Un bourdonnement aigre et rapide, qui s’éleva soudain, vint arracher les deux amis à leur extase. C’était le vieux prêtre qui commençait les incantations.

Marius risqua un coup d’œil, et, se penchant un peu en dehors de la cachette, put voir la curieuse cérémonie.

Environ trente sauvages étaient alignés le long de la paroi, portant au bout de leur bras droit tendu en l’air chacun une torche fumeuse. À la rigidité de leur tenue, à la couleur jaune ou brune de leur corps, à l’immobilité avec laquelle ils tenaient les torches, on eût dit une rangée de porte-flambeaux en bronze.

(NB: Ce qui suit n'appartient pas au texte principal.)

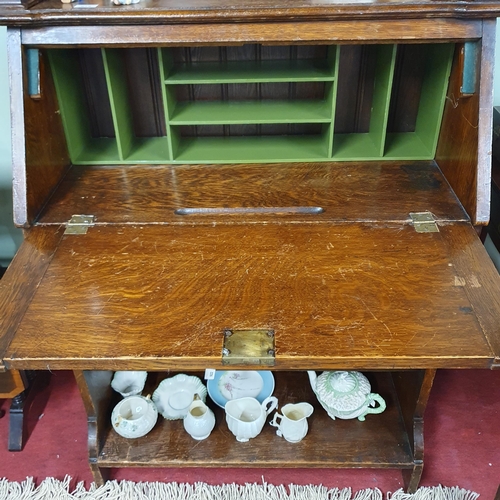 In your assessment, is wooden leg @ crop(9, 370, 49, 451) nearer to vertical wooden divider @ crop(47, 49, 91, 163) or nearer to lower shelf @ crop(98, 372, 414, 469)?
lower shelf @ crop(98, 372, 414, 469)

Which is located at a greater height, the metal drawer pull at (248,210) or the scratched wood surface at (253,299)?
the metal drawer pull at (248,210)

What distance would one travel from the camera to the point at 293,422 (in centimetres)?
135

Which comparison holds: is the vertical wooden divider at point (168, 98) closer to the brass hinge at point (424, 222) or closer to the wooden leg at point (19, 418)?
the brass hinge at point (424, 222)

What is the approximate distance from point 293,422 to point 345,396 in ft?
0.52

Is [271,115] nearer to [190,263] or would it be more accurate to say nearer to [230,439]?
[190,263]

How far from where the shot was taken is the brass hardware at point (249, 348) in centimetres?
91

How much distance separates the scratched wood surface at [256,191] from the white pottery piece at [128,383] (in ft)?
1.65

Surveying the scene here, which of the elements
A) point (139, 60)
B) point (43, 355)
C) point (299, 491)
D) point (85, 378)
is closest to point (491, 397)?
point (299, 491)

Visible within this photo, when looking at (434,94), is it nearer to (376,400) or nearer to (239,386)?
(376,400)

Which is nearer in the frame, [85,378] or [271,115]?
[85,378]

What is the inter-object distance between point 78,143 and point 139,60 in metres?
0.30

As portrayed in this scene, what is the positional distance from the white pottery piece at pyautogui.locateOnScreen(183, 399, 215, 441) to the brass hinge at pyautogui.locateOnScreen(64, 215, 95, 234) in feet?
1.84

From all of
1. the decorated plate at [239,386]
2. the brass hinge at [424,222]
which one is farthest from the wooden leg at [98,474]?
the brass hinge at [424,222]

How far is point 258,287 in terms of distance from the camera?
3.45 ft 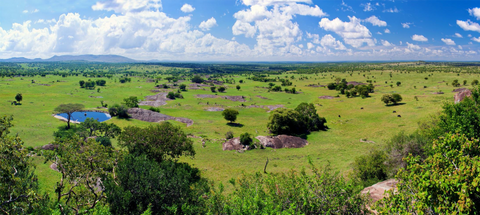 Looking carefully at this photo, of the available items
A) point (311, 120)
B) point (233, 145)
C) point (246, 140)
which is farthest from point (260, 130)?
point (233, 145)

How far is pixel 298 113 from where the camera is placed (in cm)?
6003

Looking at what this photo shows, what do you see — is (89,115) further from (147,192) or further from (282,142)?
(147,192)

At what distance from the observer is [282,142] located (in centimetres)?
4866

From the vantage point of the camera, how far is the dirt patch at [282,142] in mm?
47625

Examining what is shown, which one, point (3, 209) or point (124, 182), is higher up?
point (3, 209)

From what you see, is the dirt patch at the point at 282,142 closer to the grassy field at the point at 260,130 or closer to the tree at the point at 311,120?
the grassy field at the point at 260,130

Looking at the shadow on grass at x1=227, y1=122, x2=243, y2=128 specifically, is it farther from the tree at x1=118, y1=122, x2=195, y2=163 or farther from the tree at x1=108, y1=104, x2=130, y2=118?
the tree at x1=118, y1=122, x2=195, y2=163

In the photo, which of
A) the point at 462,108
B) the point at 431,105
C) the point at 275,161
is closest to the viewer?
the point at 462,108

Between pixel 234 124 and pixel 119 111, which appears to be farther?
pixel 119 111

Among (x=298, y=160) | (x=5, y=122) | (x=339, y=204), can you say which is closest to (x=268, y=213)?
(x=339, y=204)

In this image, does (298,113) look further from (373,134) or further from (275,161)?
(275,161)

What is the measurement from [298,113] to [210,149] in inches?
1032

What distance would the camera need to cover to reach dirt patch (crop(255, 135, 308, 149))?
4762 cm

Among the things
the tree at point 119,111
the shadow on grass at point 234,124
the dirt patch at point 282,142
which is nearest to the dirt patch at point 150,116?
the tree at point 119,111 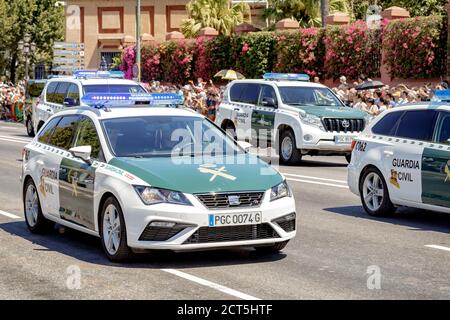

Ils étaient coiffés selon le rite des grandes fêtes, c’est-à-dire la chevelure ramenée en touffe au sommet du crâne, exhaussée par une aigrette de plume et roussie à la chaux. Cela faisait comme un casque bizarre, qui semblait reposer sur les oreilles, larges, décollées, ouvertes en éventail, le lobe percé d’un énorme trou.

Pour tout vêtement, ils portaient des amulettes, des colliers de serpentine verte, des bracelets de coquillages nacrés, une ceinture et des jarretières en poil de roussette.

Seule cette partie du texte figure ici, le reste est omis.